(PROVIDED DATA)
════
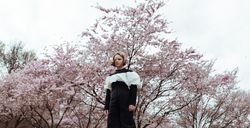 Girl standing near blooming tree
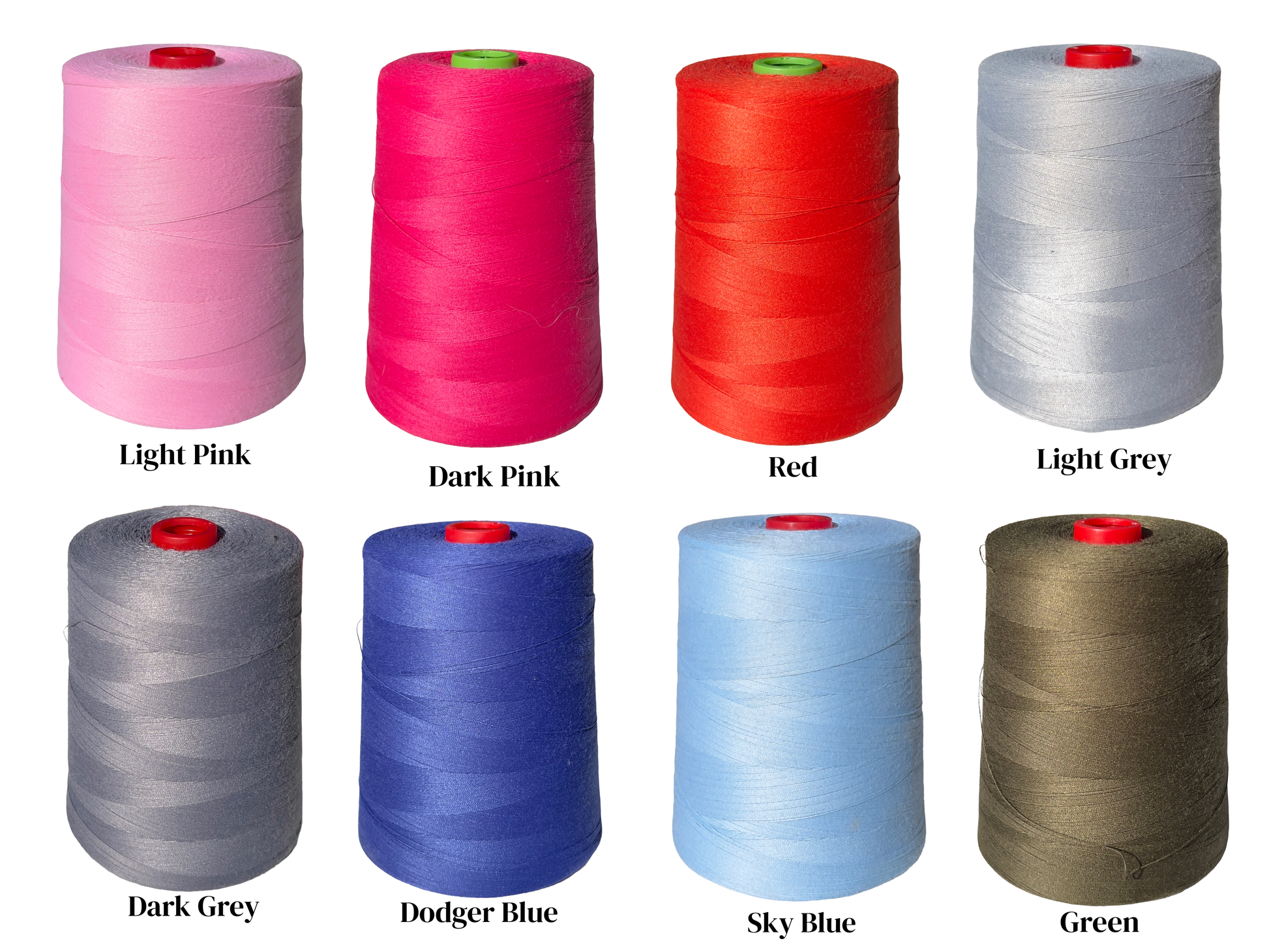 Set of spools of thread in various colors on a white background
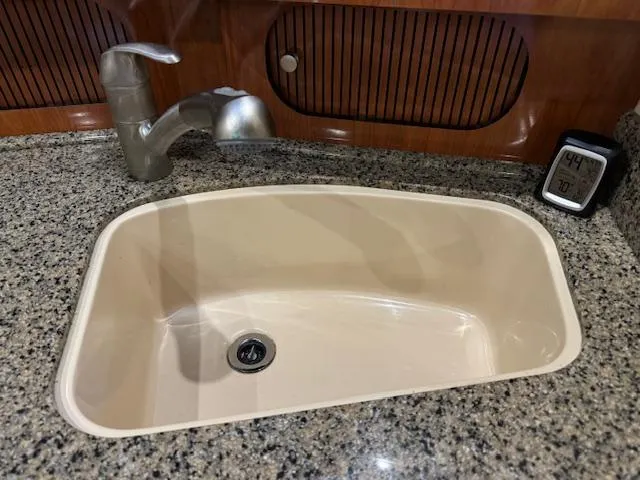 Slide: The Image of Granite countertop with sink and faucet on 2005 Sea Ray 360 Sundancer yacht. - 33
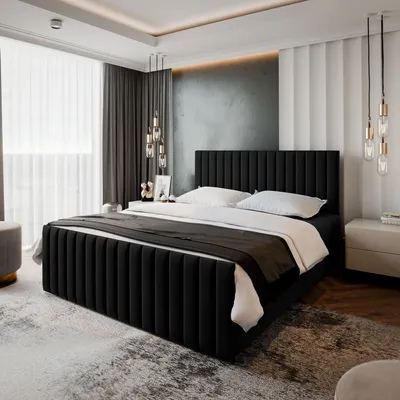 A modern bedroom with a black upholstered bed as the focal point.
════
The whole listing should be printed again exactly as written, images excluded.

 Girl standing near blooming tree
 Set of spools of thread in various colors on a white background
 Slide: The Image of Granite countertop with sink and faucet on 2005 Sea Ray 360 Sundancer yacht. - 33
 A modern bedroom with a black upholstered bed as the focal point.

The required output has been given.